相続発生時、高齢の親を中年になった子どもたちが見送る、というケースばかりではありません。親の離婚・再婚等の影響で、会ったこともないきょうだい(相続人)の存在が発覚するケース、養子縁組しているケース、相続人の立場の人がすでになく、代襲相続人が複数人存在するケースなども珍しくありません。
事情はどうであれ、相続人の人数が多ければ多いほど、相続の話し合いが大変になることは確実です。ならば、話し合う人数を整理する方法はないのでしょうか?

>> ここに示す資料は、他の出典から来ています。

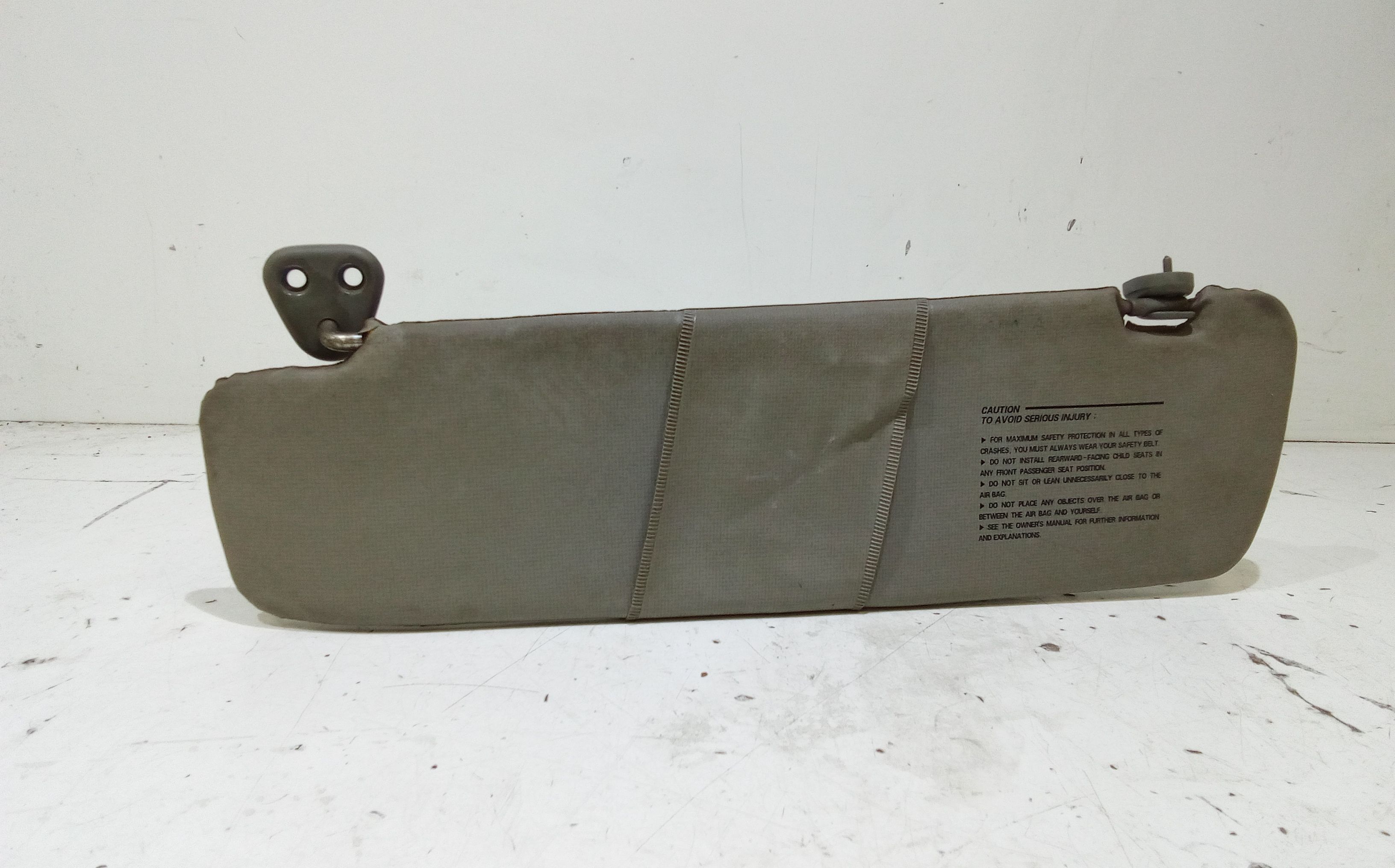 Parasole aletta anteriore Lato Guida HYUNDAI H1 1 Serie Furgonato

じつは、相続手続きの裏ワザとして「相続分の譲渡」の活用により、遺産相続の話し合いに参加する人数を減らす方法があります。各人の相続の状況にマッチしていることが大切ですが、うまく使えれば、比較的短時間で問題解決することも可能です。
下記、具体例を見ていきましょう。
「子のない叔母の相続人」は、どこまで?
Q 子のないおばが死亡。相続人となるのはだれ?
Aさんは実母の死後、かわいがってくれたおば(母の妹)を自宅に引き取り、最後までお世話をしました。しかし残念ながら、おばは亡くなりました。そのため、おばの遺産の整理をしたいと考えています。おばに子どもはおらず、おばの両親(Aさんの祖父母)もすでに他界しています。実母とおばにはほかにも数人のきょうだい(Aさんのおじおば)がいますが、そのきょうだいたちもすでに亡くなっており、それぞれ数人ずつ子ども(Aさんのいとこ)がいます。おばの残した財産について、だれと、どこまで話しうべきでしょうか。
A おばのきょうだい全員が相続人
上記の例の場合、まず、亡くなったおばのきょうだい全員が相続人となります。
相談者のAさんは長女の子で(下記図表参照)、今回亡くなったおばは次女です。Aさんは、おばの生前、子どものいないおばと同居し、亡くなるまでの数年間、介護を続けてきました。今回、おばが亡くなって5ヵ月がたったので、そろそろ遺産の整理をしようと考えました。そこで、だれと話し合ったらいいのかを考えています。
上述したように、おばに子どもはおらず、両親もすでに他界しているため、相続人はおばのきょうだいです。しかし、きょうだい(長女、長男、次男、三女)もすでに全員亡くなっているため、さらにその子(甥・姪)であるA~Hの、合計8人が相続人になります。